Once you stop thinking in terms of files, you can start thinking about other useful features (beyond tree transformations), like versioning or collaborative editing for example. There have been some recent advances in software engineering that I see as key enablers here. Number 1 is that version management systems are becoming decentralized, replicated databases. You don’t check out from git, you clone the repository and push back any changes you make. What if your IDE were working straight into your (cloned) repository? Then deployment becomes just a controlled sequence of replicating your local changes somewhere else (either push based, pull based, or combinations of that. A problem with this is of course that version management systems are still about manipulating text files. So they sort of require you to serialize your rich syntax trees to text and you need tools to unserialize them in your IDE again. So, text files are just another artifact that needs to be discarded.

This brings me to another recent advance: couchdb. Couchdb is one of the non relational databases currently experiencing lots of (well deserved) attention. It doesn’t store tables, it stores structured documents. Trees in other words. Just what we need. It has some nice properties built in, one of which is replication. Its built from the ground up to replicate all over the globe. The grand vision behind couchdb is a cloud of all sorts of data where stuff just replicates to the place it is needed. To accomplish this, it builds on REST, map reduce, and a couple of other cool technology. The point is, couchdb already implements most of what we need. Building a git like revision control system for versioning arbitrary trees or collections of trees on top can’t be that challenging.

Imagine the following sequence of events. Developer A modifies his program. Developer B working on the same part of the software sees the changes (real time of course) and adds some more. Once both are happy they mark the associated task as done. Somewhere on the other side of the planet a test server locally replicates the changes related to the task and finds everything is OK. Eventually the change and other changes are tagged off as a new stable release. A user accesses the application on his phone and at the first opportunity (i.e. connected), the changes are replicated to his local database. End to end the word file or artifact appears nowhere. Also note that the bare minimum of data is transmitted: this is as efficient as it is ever going to get.

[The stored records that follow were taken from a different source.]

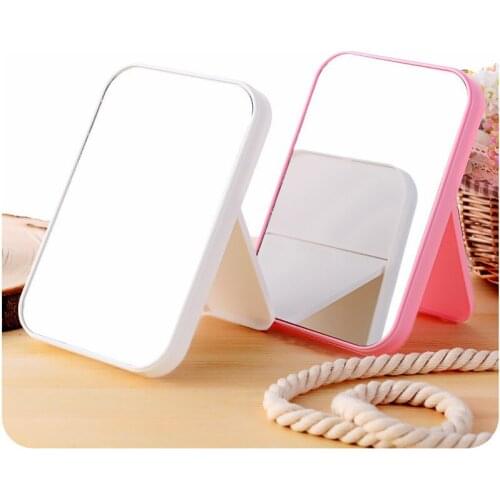 Makeup Cosmetic Mirror For Lady Girl Makeup Mirrors Plastic Folding Toilet Glass Makeup Tools Accessories
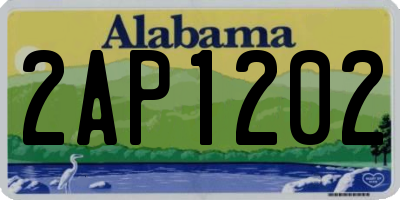 AL license plate 2AP1202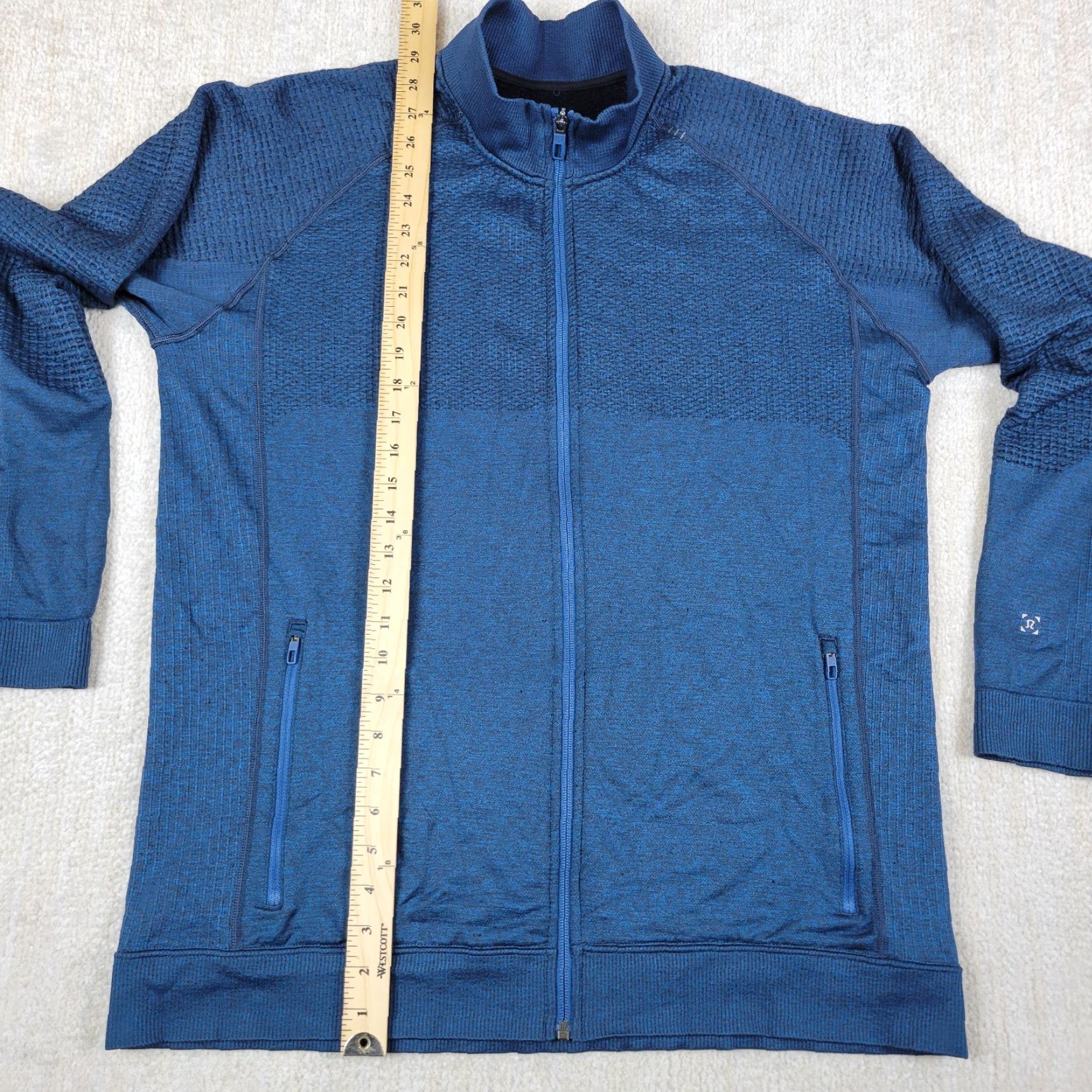 Lululemon Lululemon Engineered Warmth Jacket Mens 2XL Blue Full Zip Merino Wool Blend Size US XXL / EU 58 / 5 - 6 Thumbnail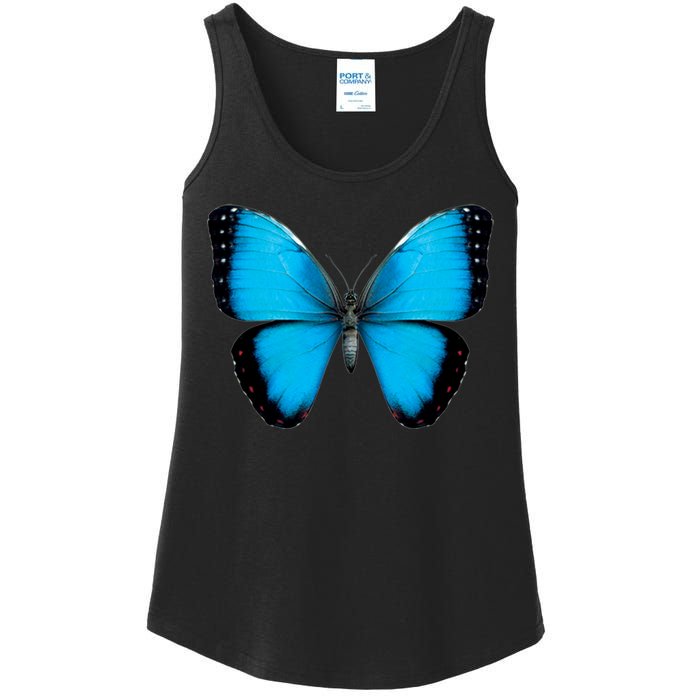 Morpho Butterfly Close Up 3D Ladies Essential Tank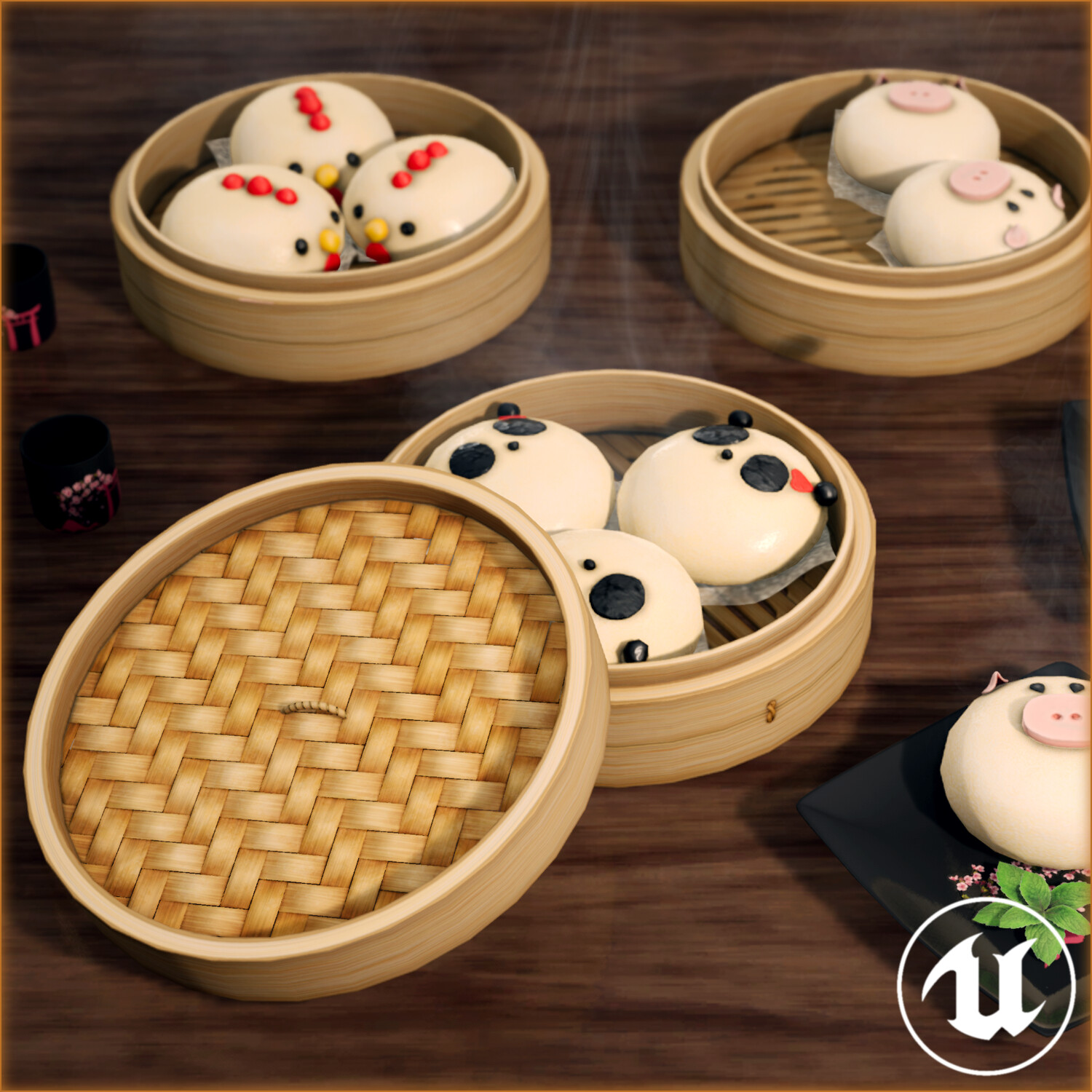 ArtStation - Steamed buns Steamed buns, Olivia Curelariu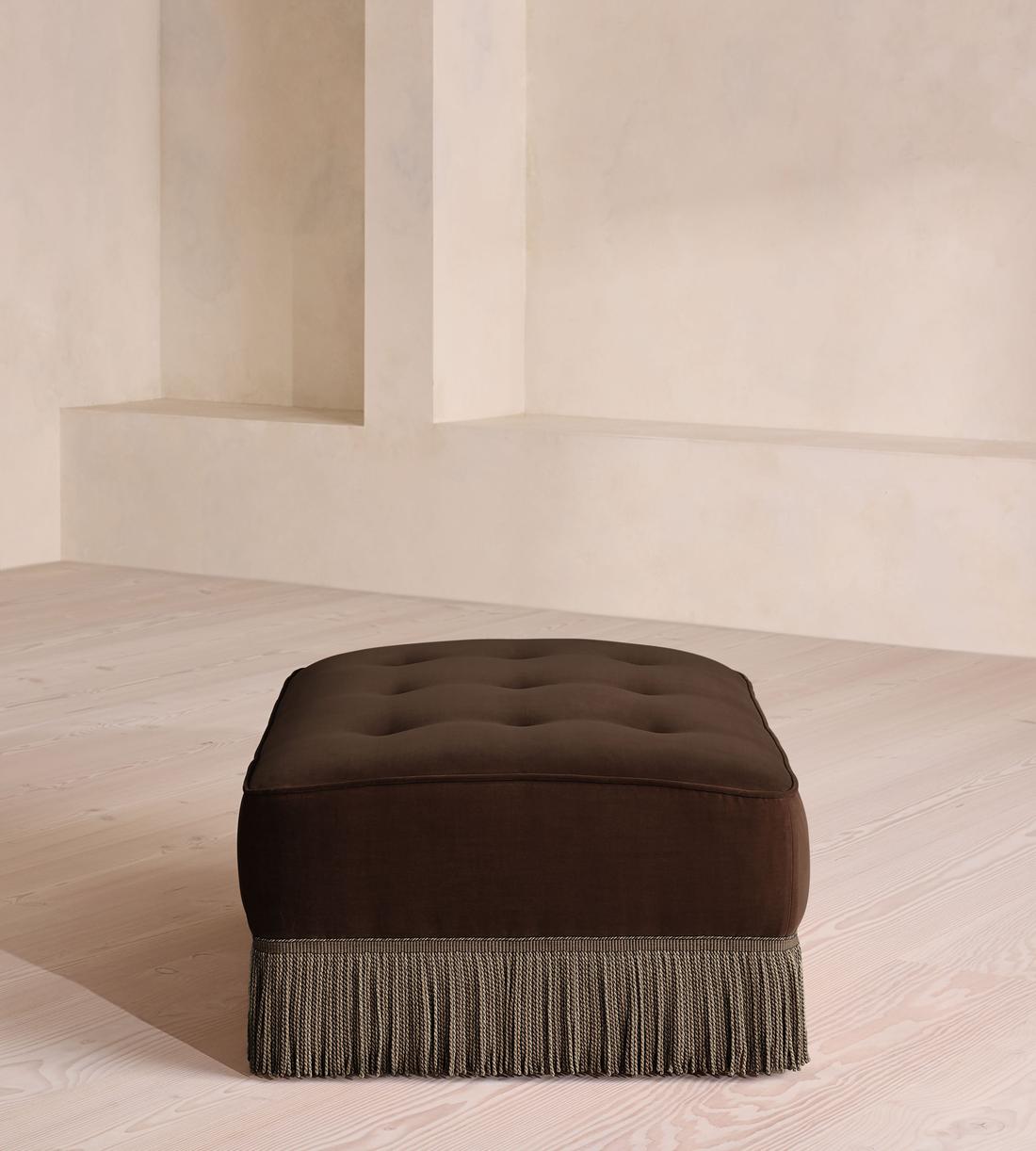 Elowen Ottoman - Velvet - Chocolate - US - Images - Image 3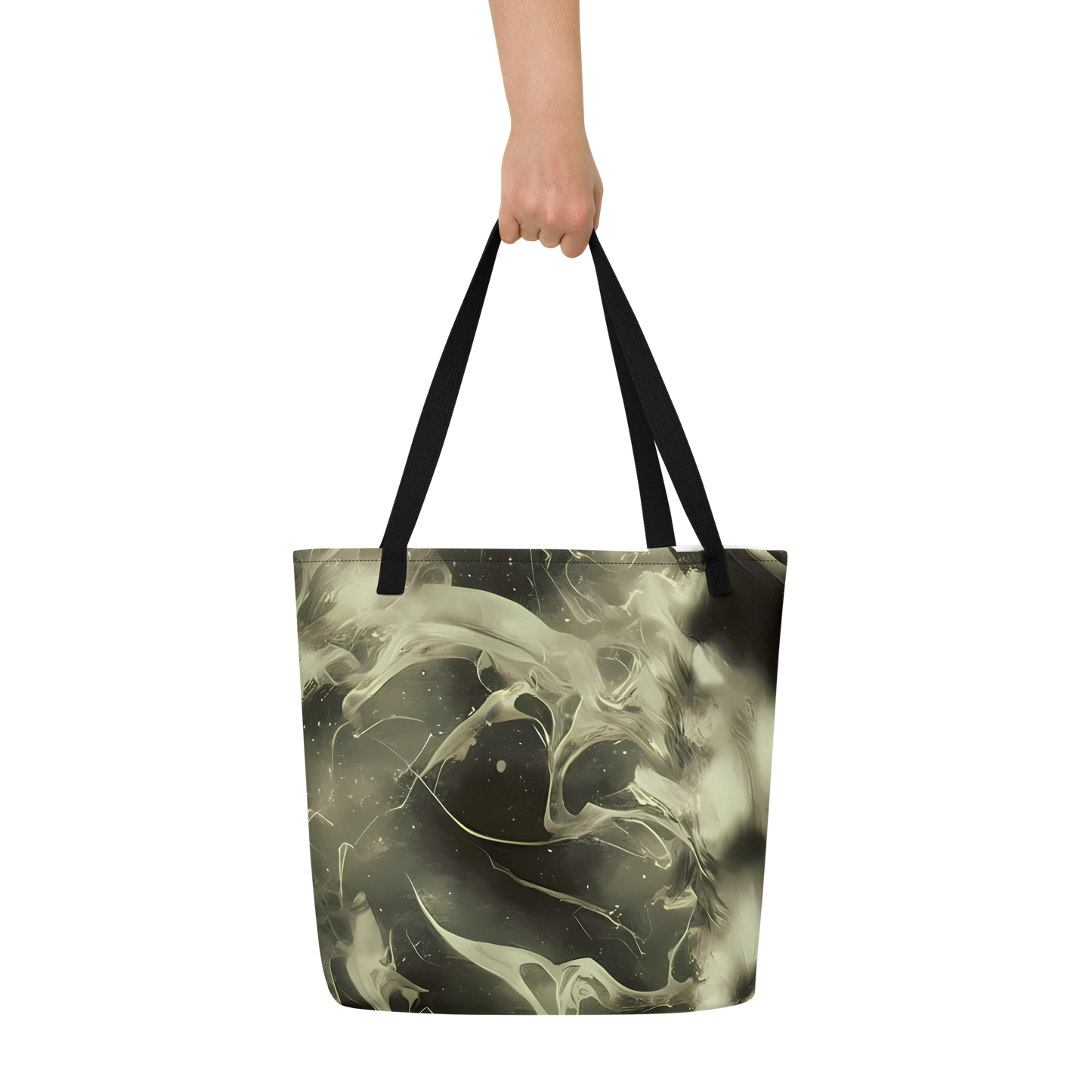 Large Tote Bag w/ Pocket - Biomech Whirl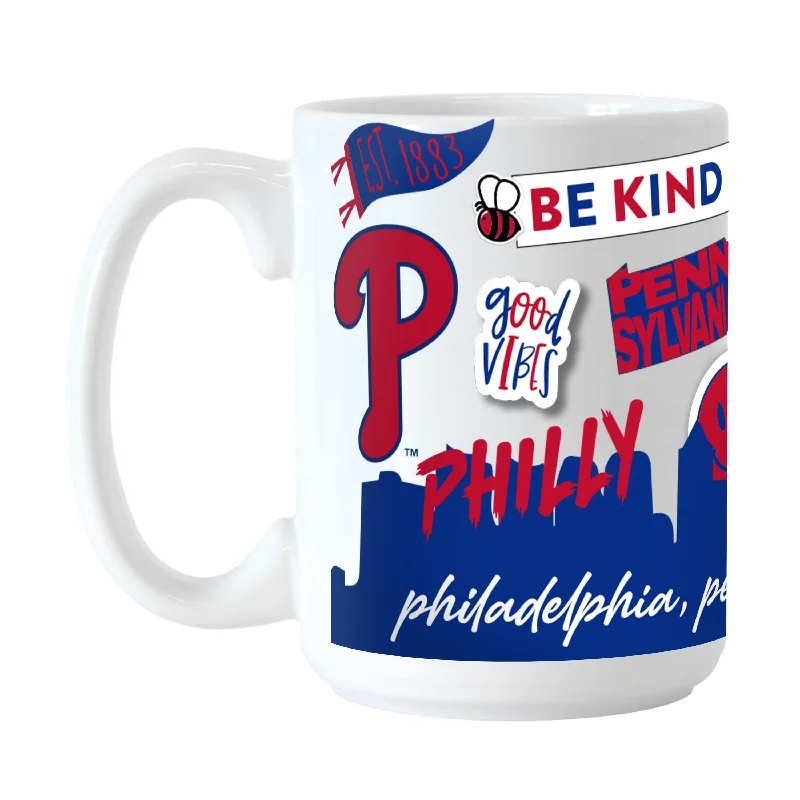 Team Mug With Hidden Message-Philadelphia Phillies 15oz Native Sublimated Mug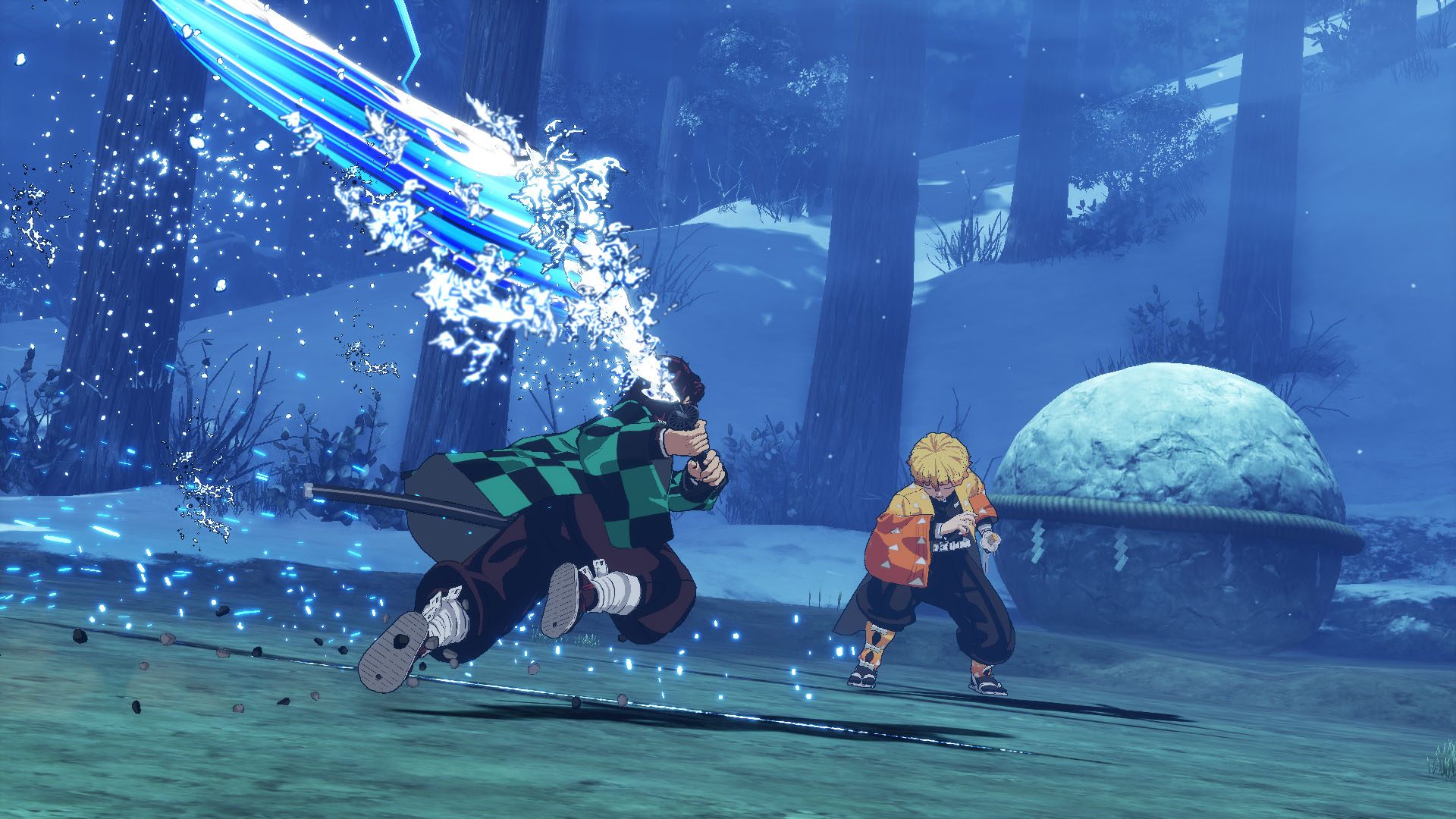 Explosive Street Fighter-style AI agents battling intensely in a competitive esports arena, representing AI vs AI (AvA) fighting games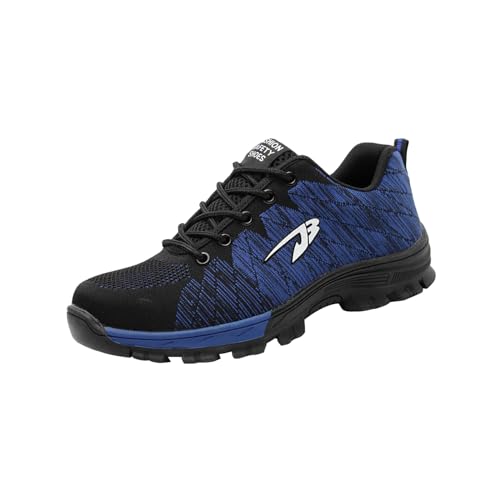 Quiteyan Sportlich Atmungsaktiv Schutzschuhe,Sicherheitsschuhe Leicht Stahlkappenschuhe Sportlich Atmungsaktiv Schutzschuhe mit Stahlkappe,Blue,39 von Quiteyan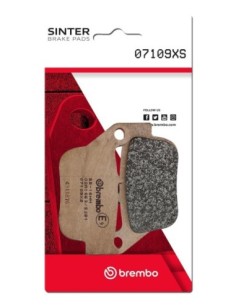 Pastillas freno Brembo sinterizadas 07109XS | Motoauto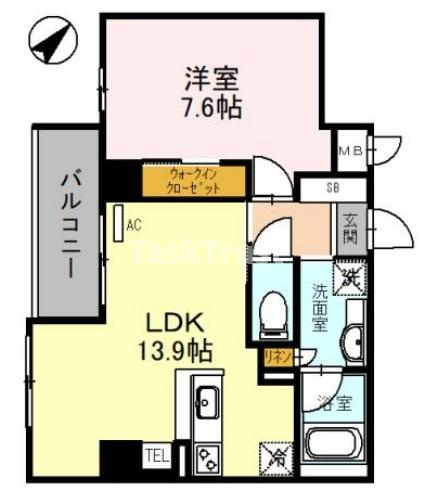 【間取り】 | レジデンス富貴屋
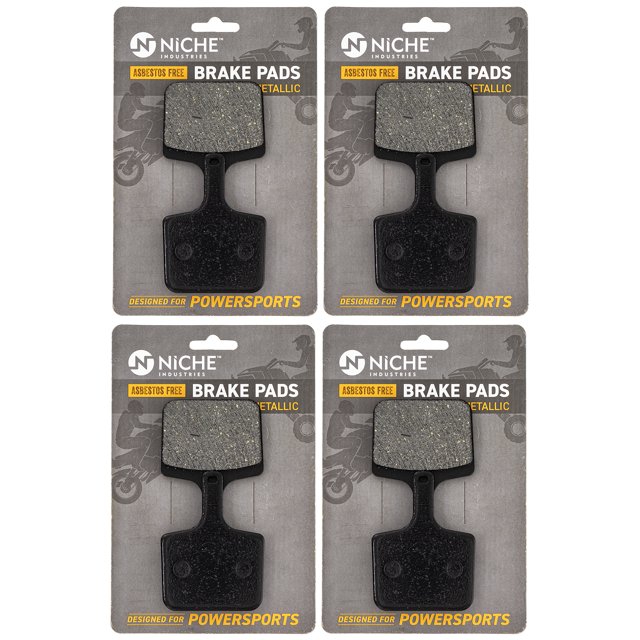 Niche Brake Pad Set for Polaris Indy 600 RMK Switchback Rear Semi-Metallic 4Pack 519-KPA2620D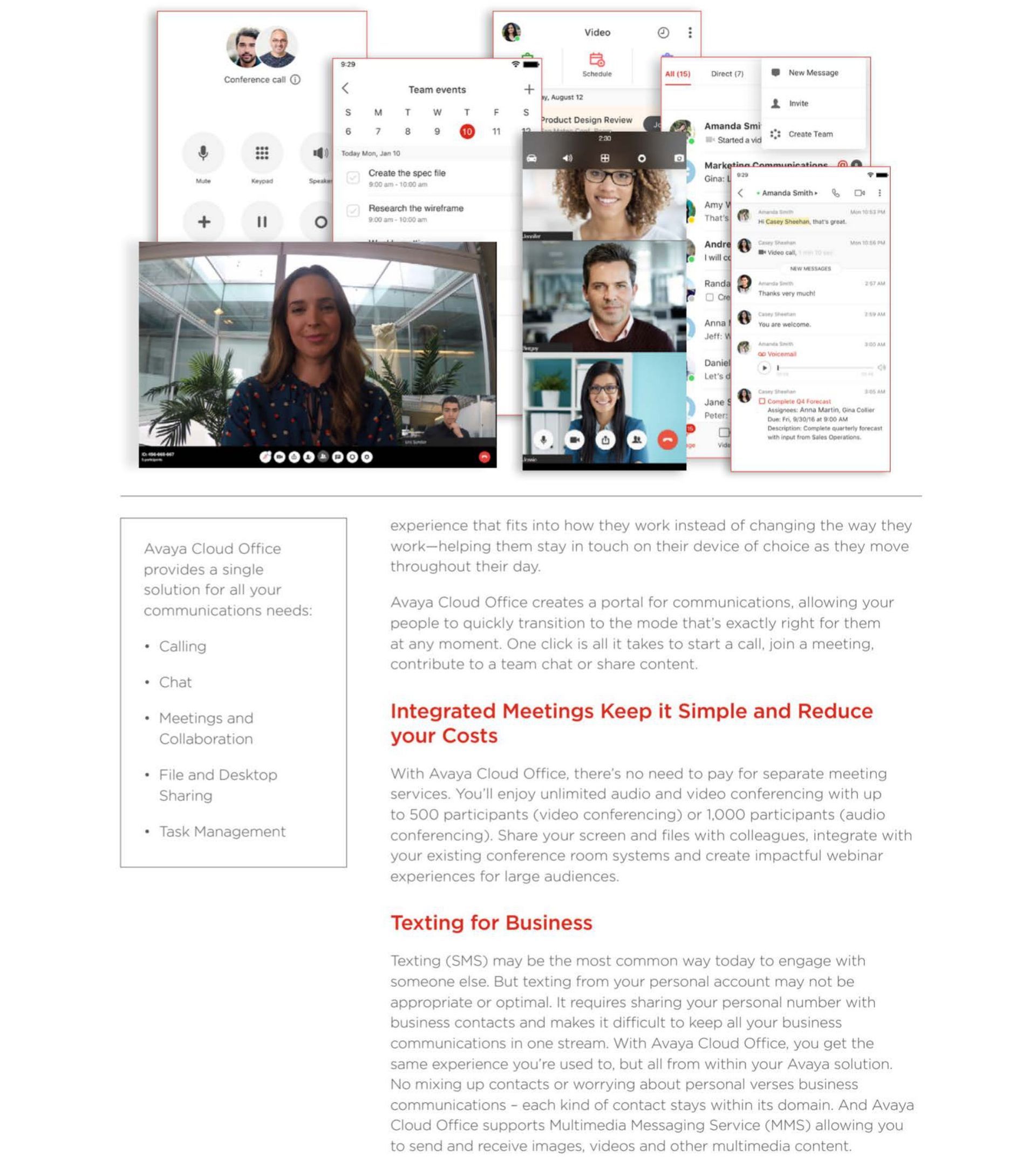 A group of people are having a video call on their phones.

Anyway, just some reflections on where we are and where we need to go. Java did a lot of pioneering work in a lot of different domains but it is time to move on from the way our grand fathers operated computers (well, mine won’t touch a computer if he can avoid it but that’s a different story). Most people selling silver bullets in the form of maven, ruby, continuous integration, etc. are stuck in the current thinking. These are great tools but only in the context of what I see as a deeply flawed end to end system. A lot of additional cruft is under construction to support the latest cloud computing trends (which is essentially about managing a lot of files in a distributed environment). My point here is that taking a step back and rethinking things end to end might be worth the trouble. We’re so close to radically changing the way developers work here. Remove files and source code from the equation and what is left for maven to do? The only right answer here is nothing.

Why do I think this needs to happen: well, developers are currently wasting enormous amounts of time on what are essentially redundant things rather than developing software. The last few weeks were pretty bad for me, I was just handling deployment and build configuration stuff. Tedious, slow, and maven is part of this problem.

Update 26 October 2009

Just around the time I was writing this, some people decided to come up with Play, a framework + server inspired by Python Django that preserves a couple of cool features. The best feature: no application server restarts required, just hit F5. Works for Java source changes as well. Clearly, I’m not alone in viewing the Java server side world as old and bloated. Obviously it lacks a bit in functionality. But that’s easily fixed. I wonder how this combines with a decent dependency injection framework. My guess is not well, because dependency injection frameworks require a context (i.e.) state to be maintained and Play is designed to be stateless (like Django). Basically, each save potentially invalidates the context require a full reload of that as well (i.e. a server restart). Seems the play guys have identified the pain point in Java: server side state comes at a price.

Server side development sucks

Warning: long rant :-)

The past half year+ I’ve been ‘enjoying’ myself with lots of technical things related to working with Java, the spring framework, maven, unit testing and lots of command line stuff. And while I like my job, I have to say: it can be enormously tedious from time to time.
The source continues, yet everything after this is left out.